→ EXERCISE
Retype only the lines running from the beginning of the entries below to the line with "High Angle Blurred", both included. Do not include pictures.

→ GIVEN DATA
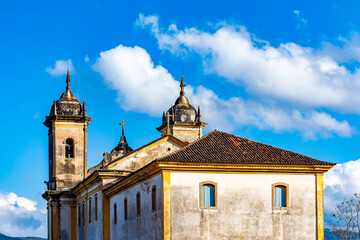 Fototapeta na wymiar Towers of an old historic baroque church seen from behind in the city of Ouro Preto during dusk with the mountains in the background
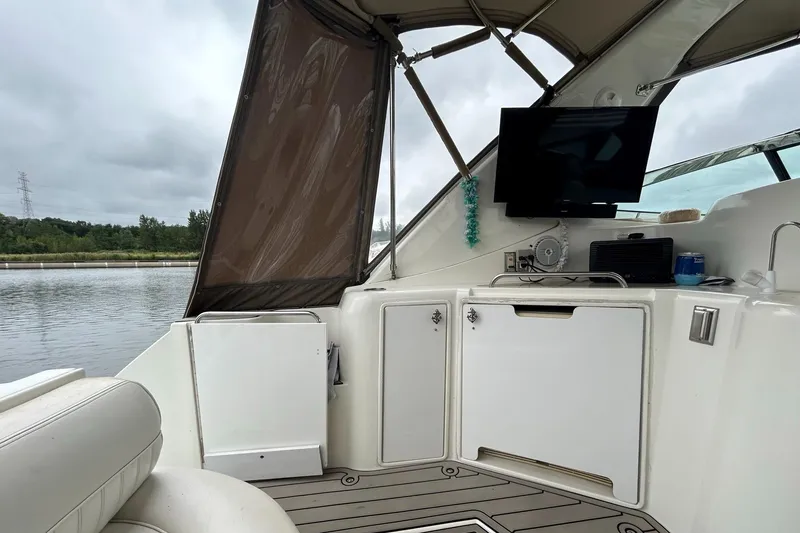 Slide: The Image of 2000 Cruisers Yachts 3870 Express cockpit with TV and storage cabinets. - 27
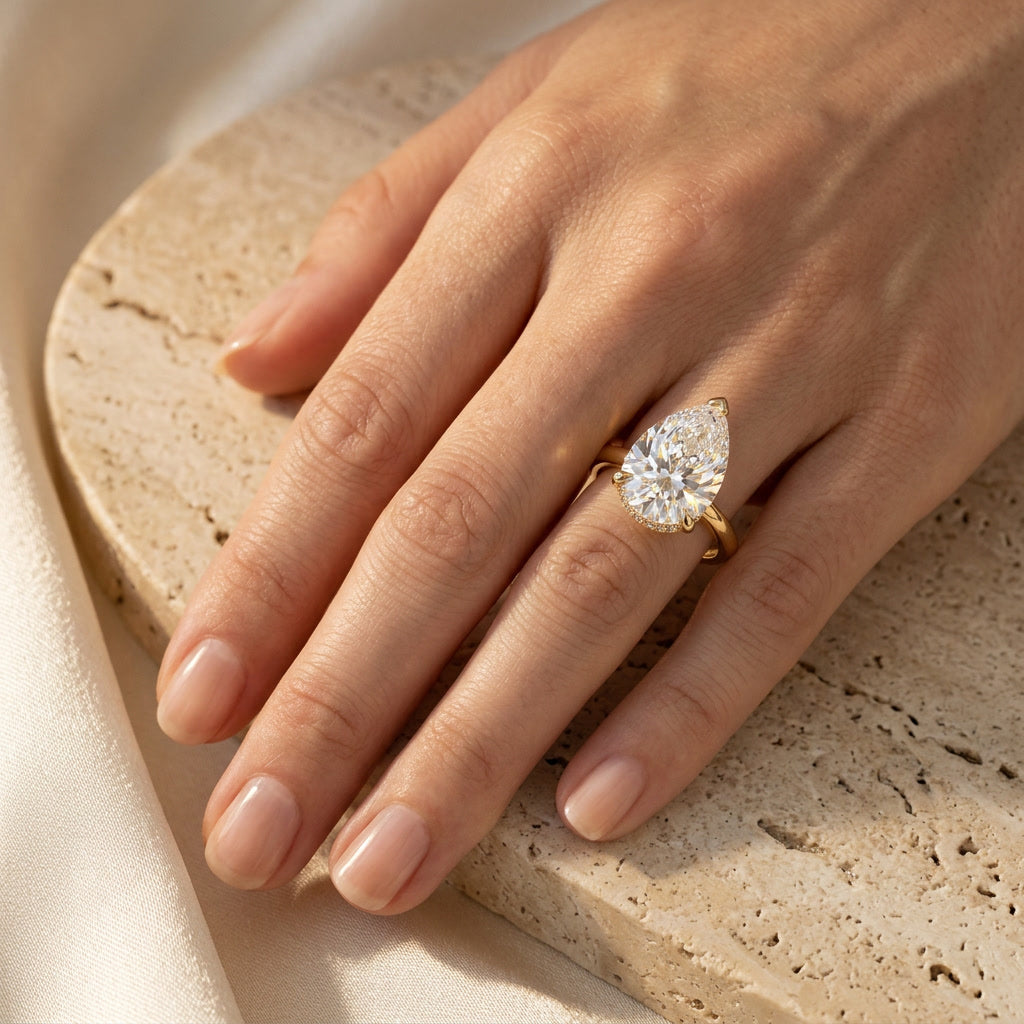 AETERNA ROSÉE pear moissanite ring — on hand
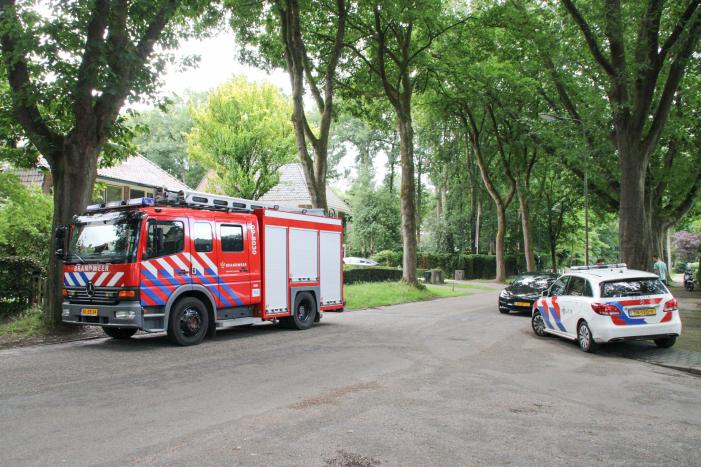 Trap van woning vat vlam door verfbrander
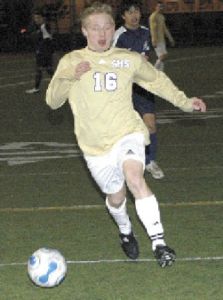 Sumner High’s Brandon Denny takes the ball downfield during a Spartan victory over the Lakes Lancers.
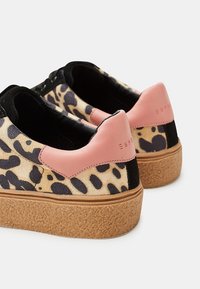 Sneaker con stampa leopardata, con una parte superiore texturizzata nera e beige, dettagli rosa sul tallone e una suola piattaforma in sughero naturale.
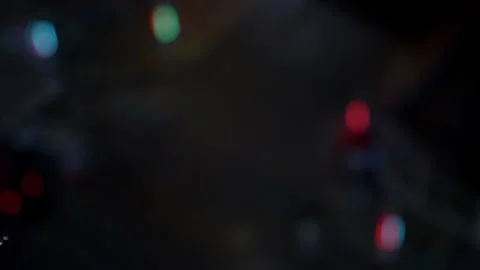 High Angle Blurred Bokeh of Traffic and Street Lights at Night Stockbeeldmateriaal 310332339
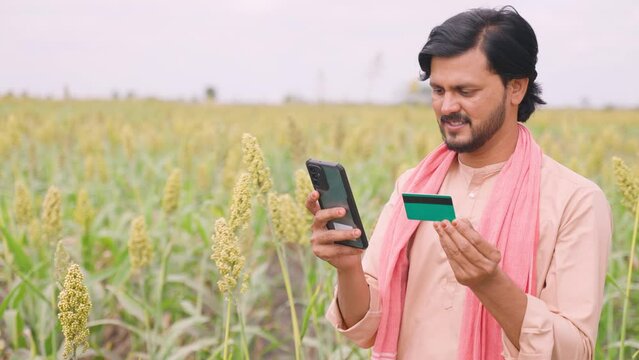 Young farmer at field with making online payment using credit card on mobile phone - concept of e-commerce, online banking service and technology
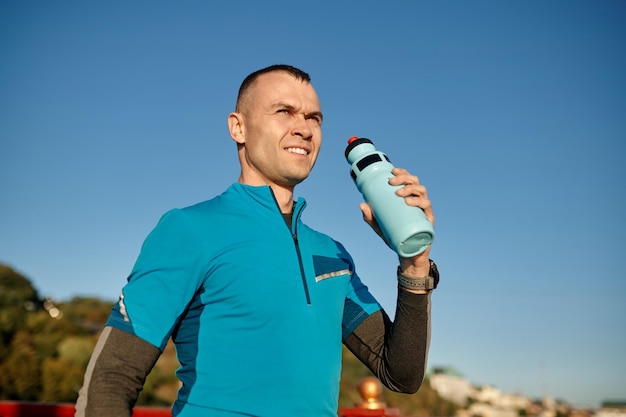Portret van een gezonde atletische man van middelbare leeftijd met een fit lichaam met een fles verfrissend water, rustend na het sporten of hardlopen. Mannelijke hardloper drinkt na buitentraining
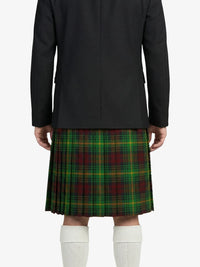 Person wearing a black coat and green plaid kilt on a white background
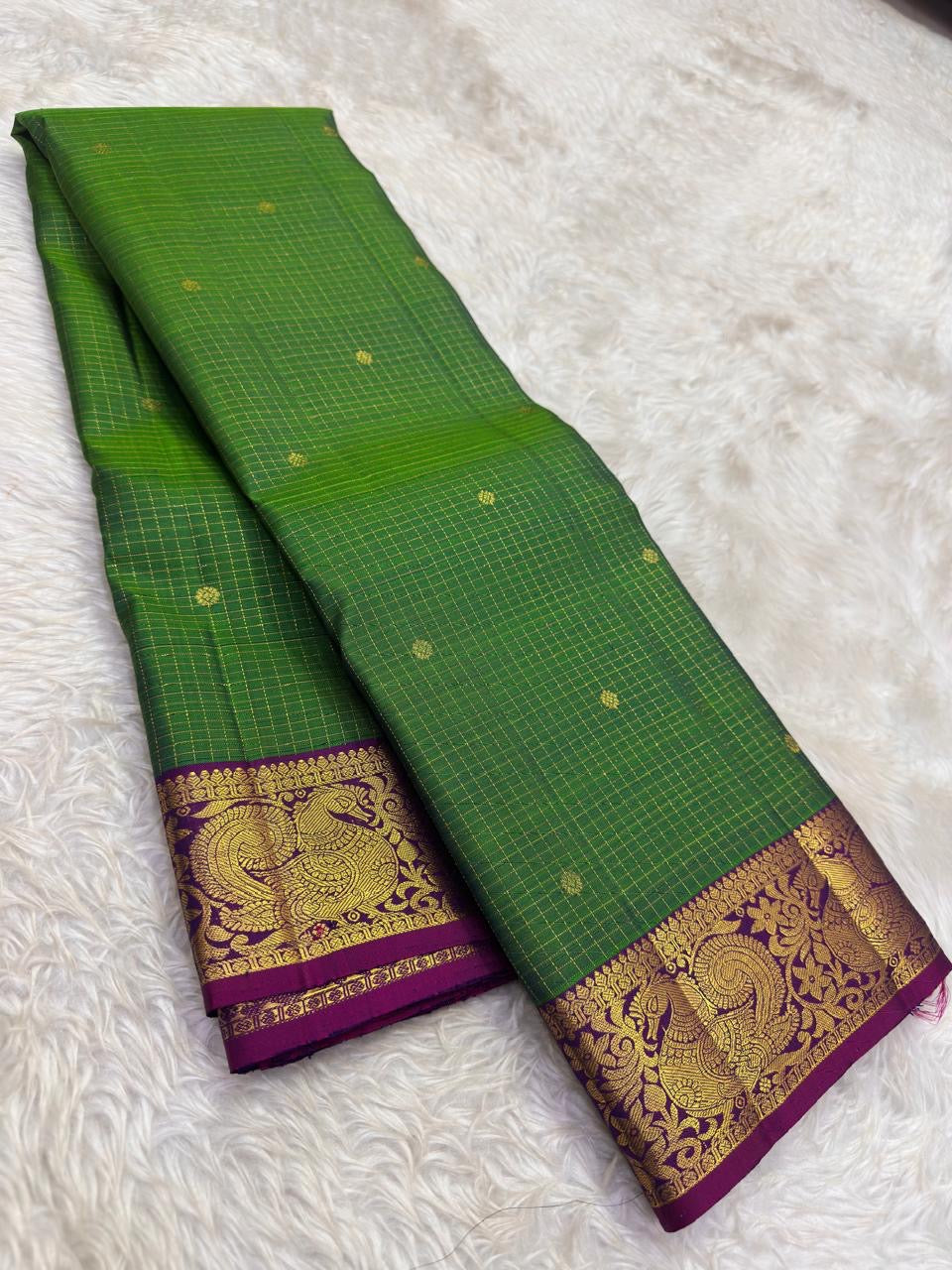 Full view of parrot green handwoven Kanchipuram pure silk saree with zari kattam and mayil border — Idam Living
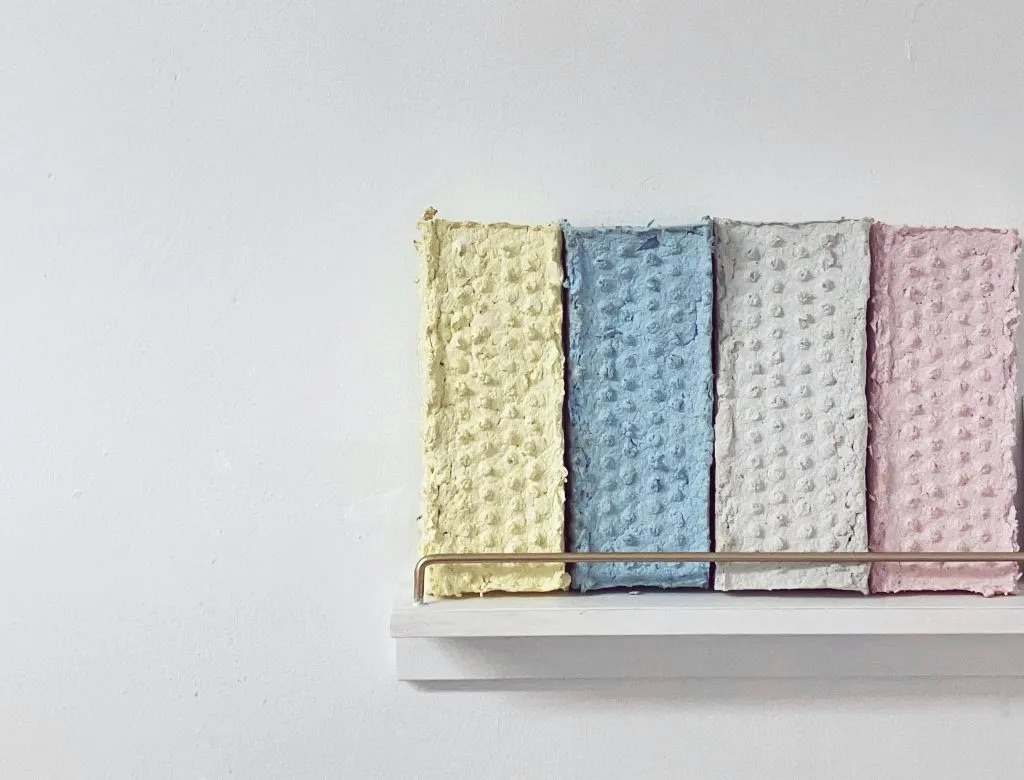 Ciara Rodgers, Folly | Façade,  | Saturday 8 June  – Saturday 13 July 2024 | GOMA Gallery of Modern Art | Image: photo of four brick-shaped objects on a shelf; each is effectively identical, except for the colour – pastel yellow, then blue, then greyish white, then pink; the ‘bricks’ are in vertical orientation, and there is a retaining metal (?) bar stretching across in front of them; it’s hard to make out what the ‘bricks’ are made of – possibly papier mâché 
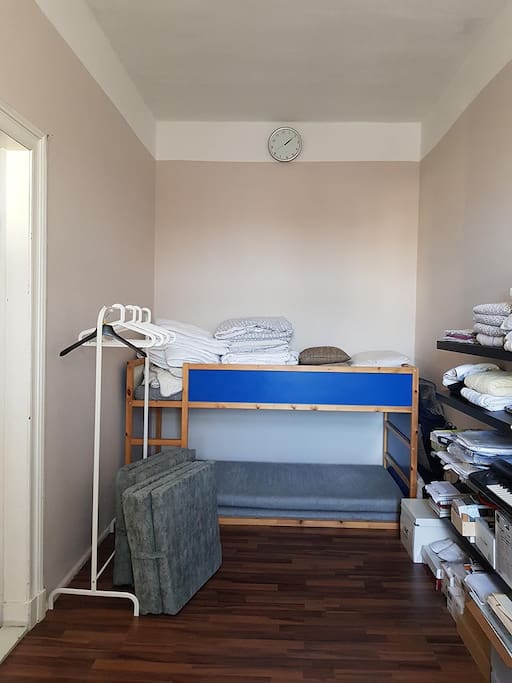 Bed side of room with folding futon matresses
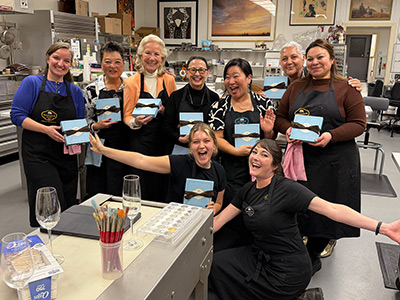 Group celebrating in art studio with paintings.
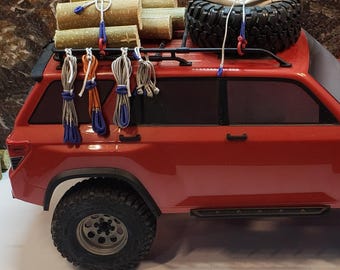 May include: A red toy SUV with a black roof rack carrying wooden logs, a spare tire, and a white bag. Bundles of rope in various colors hang from the rack. The text "theRCscaleRopeShop.etsy.com" is at the bottom.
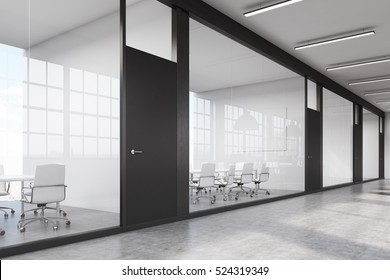 Side View Of A Row Of Meeting Rooms In A Long Corridor. Glass Walls, Black Doors. Concept Of Communication. 3d Rendering.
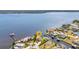 Aerial view of waterfront home with lush landscaping and private dock at 3016 Curry Ter, Port Charlotte, FL 33981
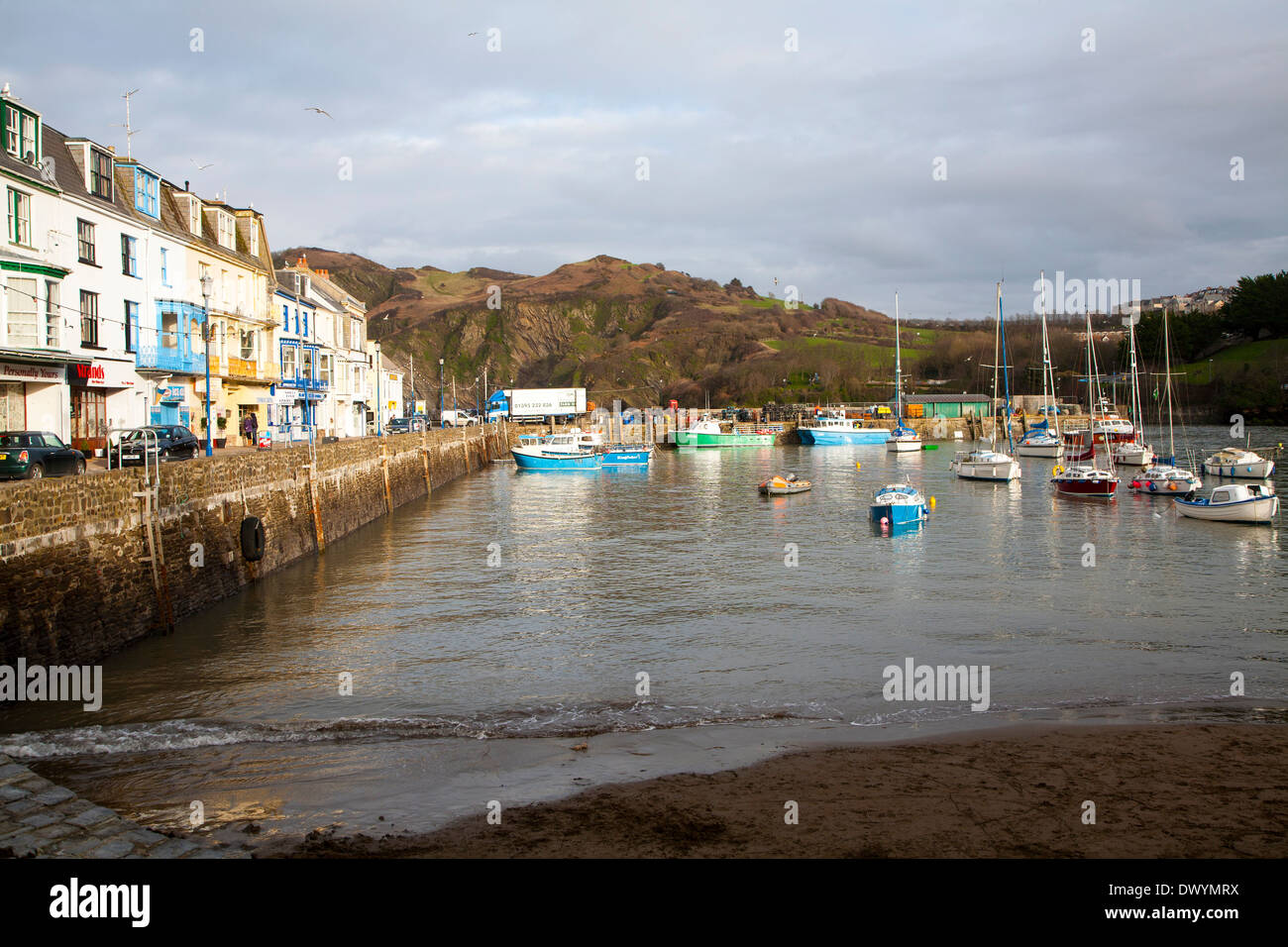 View of boats in the harbour in sunshine of winter afternoon, Ilfracombe, north Devon, England Stock Photo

→ RESULT OF THE TASK
 Fototapeta na wymiar Towers of an old historic baroque church seen from behind in the city of Ouro Preto during dusk with the mountains in the background
 Slide: The Image of 2000 Cruisers Yachts 3870 Express cockpit with TV and storage cabinets. - 27
 AETERNA ROSÉE pear moissanite ring — on hand
 Trap van woning vat vlam door verfbrander
 Sumner High’s Brandon Denny takes the ball downfield during a Spartan victory over the Lakes Lancers.
 Sneaker con stampa leopardata, con una parte superiore texturizzata nera e beige, dettagli rosa sul tallone e una suola piattaforma in sughero naturale.
 High Angle Blurred Bokeh of Traffic and Street Lights at Night Stockbeeldmateriaal 310332339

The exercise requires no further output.